--- START ---
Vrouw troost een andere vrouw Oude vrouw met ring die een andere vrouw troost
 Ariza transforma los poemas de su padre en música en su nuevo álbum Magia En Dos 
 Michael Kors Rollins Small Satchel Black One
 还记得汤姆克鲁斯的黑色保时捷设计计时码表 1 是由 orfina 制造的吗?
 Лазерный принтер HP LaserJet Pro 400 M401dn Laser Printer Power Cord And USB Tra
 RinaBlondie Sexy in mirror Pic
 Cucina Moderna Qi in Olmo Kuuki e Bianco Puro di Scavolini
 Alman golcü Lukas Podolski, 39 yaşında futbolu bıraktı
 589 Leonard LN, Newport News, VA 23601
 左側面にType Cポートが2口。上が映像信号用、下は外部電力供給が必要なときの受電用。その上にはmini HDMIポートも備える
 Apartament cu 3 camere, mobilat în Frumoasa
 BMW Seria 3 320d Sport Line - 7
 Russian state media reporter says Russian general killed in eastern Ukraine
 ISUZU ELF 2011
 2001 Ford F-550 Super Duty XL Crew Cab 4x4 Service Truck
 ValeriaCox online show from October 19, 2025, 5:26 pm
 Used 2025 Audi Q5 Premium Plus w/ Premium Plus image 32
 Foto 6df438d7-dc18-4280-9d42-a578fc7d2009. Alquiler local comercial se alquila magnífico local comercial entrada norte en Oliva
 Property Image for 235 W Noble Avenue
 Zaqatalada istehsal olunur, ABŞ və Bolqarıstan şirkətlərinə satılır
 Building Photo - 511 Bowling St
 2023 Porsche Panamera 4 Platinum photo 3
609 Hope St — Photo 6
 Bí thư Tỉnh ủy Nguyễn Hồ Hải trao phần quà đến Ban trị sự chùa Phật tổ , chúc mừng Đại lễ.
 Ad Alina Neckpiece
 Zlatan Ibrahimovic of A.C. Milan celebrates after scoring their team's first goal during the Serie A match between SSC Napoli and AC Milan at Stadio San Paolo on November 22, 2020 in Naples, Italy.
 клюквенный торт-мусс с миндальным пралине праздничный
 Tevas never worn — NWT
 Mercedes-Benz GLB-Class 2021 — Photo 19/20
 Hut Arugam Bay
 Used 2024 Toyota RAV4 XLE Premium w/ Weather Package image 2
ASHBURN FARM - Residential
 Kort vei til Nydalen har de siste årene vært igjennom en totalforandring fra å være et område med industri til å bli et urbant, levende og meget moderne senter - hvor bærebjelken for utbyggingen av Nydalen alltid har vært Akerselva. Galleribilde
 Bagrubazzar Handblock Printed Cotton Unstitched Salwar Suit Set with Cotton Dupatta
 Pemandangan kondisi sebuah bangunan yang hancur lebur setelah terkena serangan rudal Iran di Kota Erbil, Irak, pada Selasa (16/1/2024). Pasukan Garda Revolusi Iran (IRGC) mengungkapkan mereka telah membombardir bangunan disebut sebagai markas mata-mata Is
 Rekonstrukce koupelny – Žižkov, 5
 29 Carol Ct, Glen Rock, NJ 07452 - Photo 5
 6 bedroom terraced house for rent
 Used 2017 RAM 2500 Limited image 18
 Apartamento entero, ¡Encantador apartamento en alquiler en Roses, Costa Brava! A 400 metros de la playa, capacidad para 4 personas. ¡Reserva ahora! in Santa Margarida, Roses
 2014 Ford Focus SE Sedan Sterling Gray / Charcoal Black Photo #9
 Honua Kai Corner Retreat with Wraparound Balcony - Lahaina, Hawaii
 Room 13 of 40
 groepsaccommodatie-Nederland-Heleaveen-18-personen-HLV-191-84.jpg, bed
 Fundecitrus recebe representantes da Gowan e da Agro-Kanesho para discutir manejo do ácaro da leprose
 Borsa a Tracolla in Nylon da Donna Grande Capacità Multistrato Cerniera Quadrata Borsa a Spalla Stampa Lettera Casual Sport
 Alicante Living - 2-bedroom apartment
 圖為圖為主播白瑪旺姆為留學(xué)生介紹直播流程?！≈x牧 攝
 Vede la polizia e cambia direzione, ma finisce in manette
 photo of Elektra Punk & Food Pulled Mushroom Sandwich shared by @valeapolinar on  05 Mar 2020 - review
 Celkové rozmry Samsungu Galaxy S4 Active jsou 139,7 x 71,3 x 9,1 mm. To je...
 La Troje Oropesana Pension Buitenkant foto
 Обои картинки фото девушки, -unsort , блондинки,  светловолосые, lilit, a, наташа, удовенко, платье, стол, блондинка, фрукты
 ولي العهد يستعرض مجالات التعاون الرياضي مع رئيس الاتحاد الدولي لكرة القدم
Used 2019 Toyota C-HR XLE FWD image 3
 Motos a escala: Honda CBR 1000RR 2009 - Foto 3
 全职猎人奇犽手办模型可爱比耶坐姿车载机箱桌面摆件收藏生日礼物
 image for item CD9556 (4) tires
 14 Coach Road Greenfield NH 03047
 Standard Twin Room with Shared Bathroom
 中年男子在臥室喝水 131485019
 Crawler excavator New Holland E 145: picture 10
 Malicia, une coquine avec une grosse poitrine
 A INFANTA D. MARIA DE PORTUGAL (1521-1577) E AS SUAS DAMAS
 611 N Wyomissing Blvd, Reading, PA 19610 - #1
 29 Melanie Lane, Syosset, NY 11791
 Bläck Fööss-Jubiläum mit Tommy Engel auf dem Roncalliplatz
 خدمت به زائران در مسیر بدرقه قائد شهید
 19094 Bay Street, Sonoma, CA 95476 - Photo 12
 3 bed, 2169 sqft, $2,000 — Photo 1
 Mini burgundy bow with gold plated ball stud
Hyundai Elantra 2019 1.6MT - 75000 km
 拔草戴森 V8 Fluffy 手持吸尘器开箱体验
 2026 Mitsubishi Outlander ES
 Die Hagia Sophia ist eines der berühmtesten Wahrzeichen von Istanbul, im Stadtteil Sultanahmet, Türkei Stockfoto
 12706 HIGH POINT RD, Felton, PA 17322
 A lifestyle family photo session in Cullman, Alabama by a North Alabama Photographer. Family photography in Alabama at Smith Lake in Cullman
--- END ---
The problem » Considering only the material above, set down every line from the one with "image for item CD9556 (4) tires" to the one with "Bläck Fööss-Jubiläum mit", inclusive, exactly as written.

Response »
 image for item CD9556 (4) tires
 14 Coach Road Greenfield NH 03047
 Standard Twin Room with Shared Bathroom
 中年男子在臥室喝水 131485019
 Crawler excavator New Holland E 145: picture 10
 Malicia, une coquine avec une grosse poitrine
 A INFANTA D. MARIA DE PORTUGAL (1521-1577) E AS SUAS DAMAS
 611 N Wyomissing Blvd, Reading, PA 19610 - #1
 29 Melanie Lane, Syosset, NY 11791
 Bläck Fööss-Jubiläum mit Tommy Engel auf dem Roncalliplatz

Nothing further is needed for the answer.